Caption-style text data
________________________________________
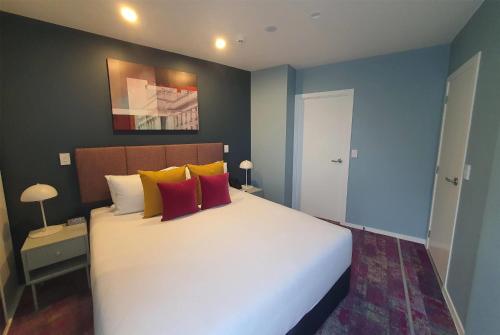 a bedroom with a large white bed with colorful pillows at La Quinta by Wyndham Parnell Auckland in Auckland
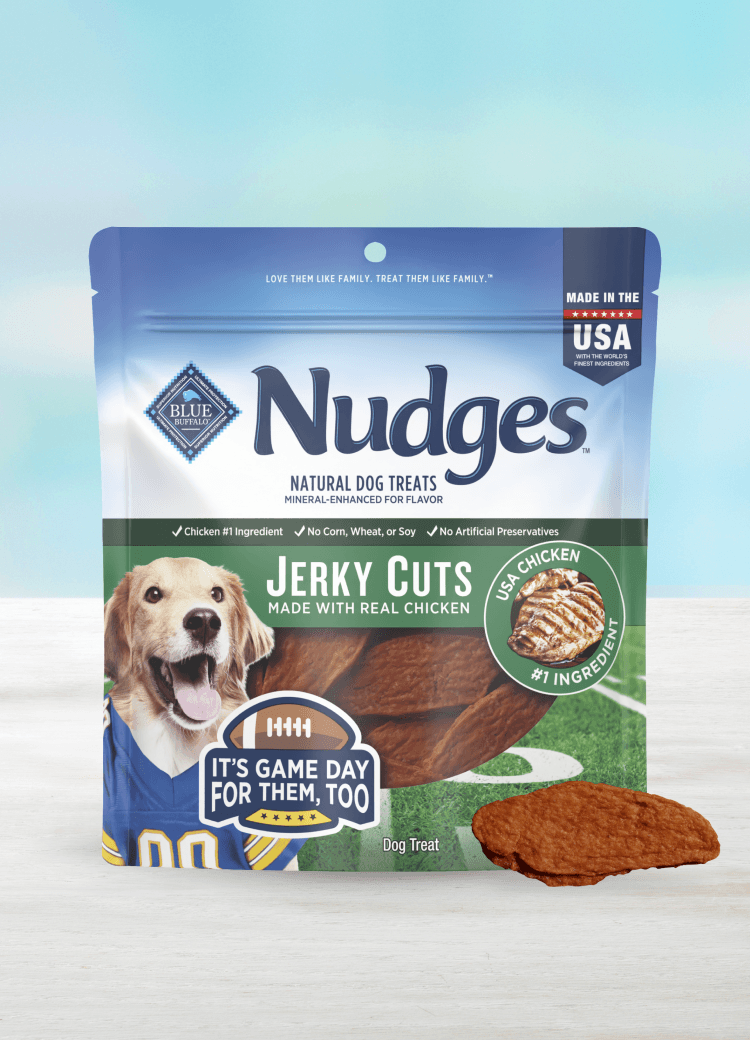Blue Buffalo Nudges Jerky Cuts natural dog treats, made with real chicken; bag features a golden retriever in a jersey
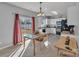 Kitchen with white cabinets, black appliances, and a dining area with glass-top table at 11906 Bending Branch Rd, Charlotte, NC 28227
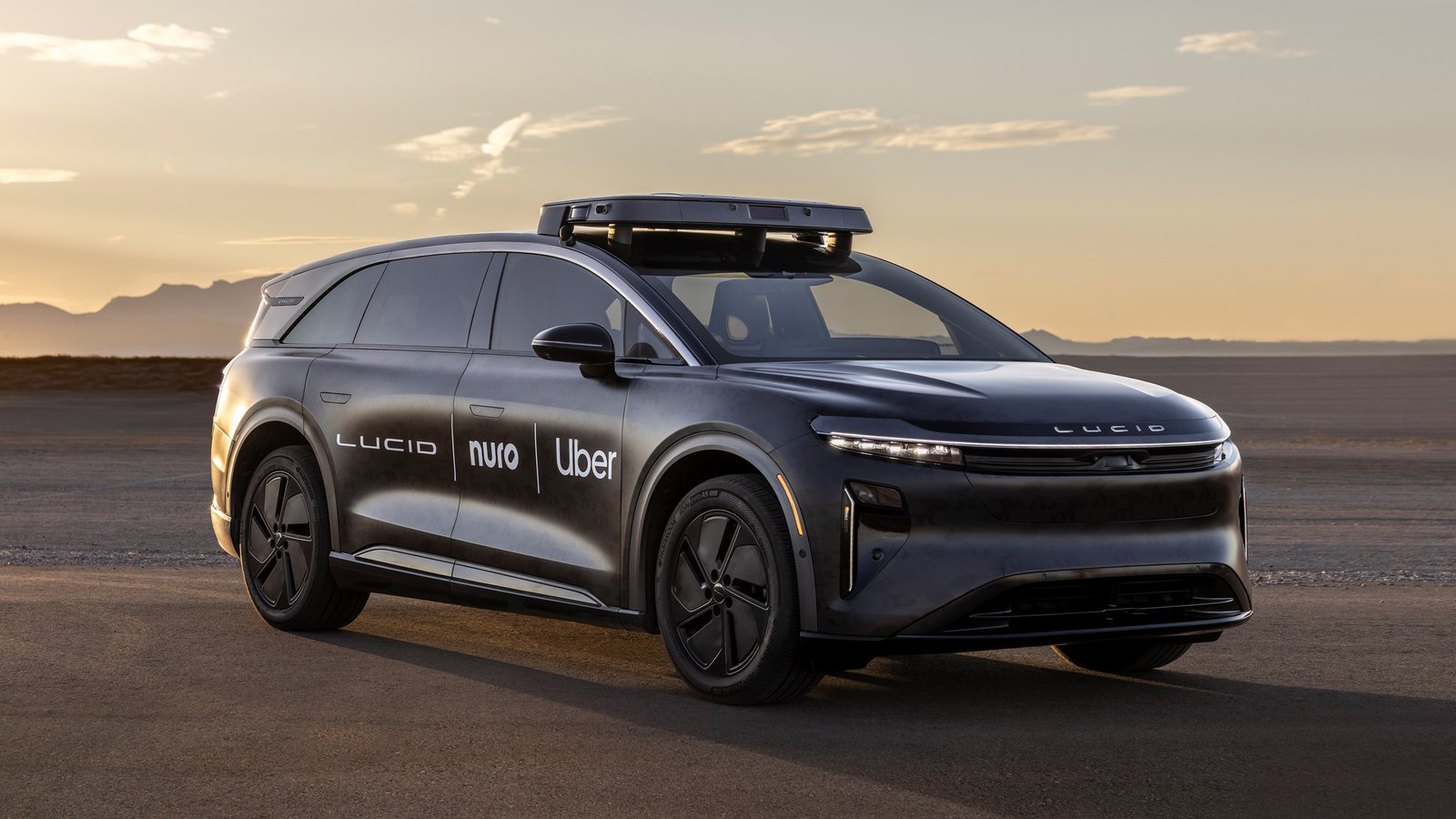 Lucid Gravity robotaxi with roof sensor pod and Lucid, Nuro, Uber logos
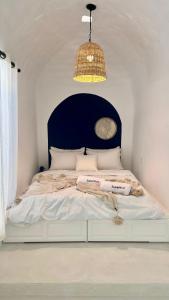 a white bed with a black headboard and a chandelier at Zina Apartment à Sidi Bou Saïd in Sidi Bou Saïd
________________________________________
**Required action:** Copy each entry above exactly; drop the pictures.

**Answer to this problem:**
 a bedroom with a large white bed with colorful pillows at La Quinta by Wyndham Parnell Auckland in Auckland
Blue Buffalo Nudges Jerky Cuts natural dog treats, made with real chicken; bag features a golden retriever in a jersey
 Kitchen with white cabinets, black appliances, and a dining area with glass-top table at 11906 Bending Branch Rd, Charlotte, NC 28227
 Lucid Gravity robotaxi with roof sensor pod and Lucid, Nuro, Uber logos
 a white bed with a black headboard and a chandelier at Zina Apartment à Sidi Bou Saïd in Sidi Bou Saïd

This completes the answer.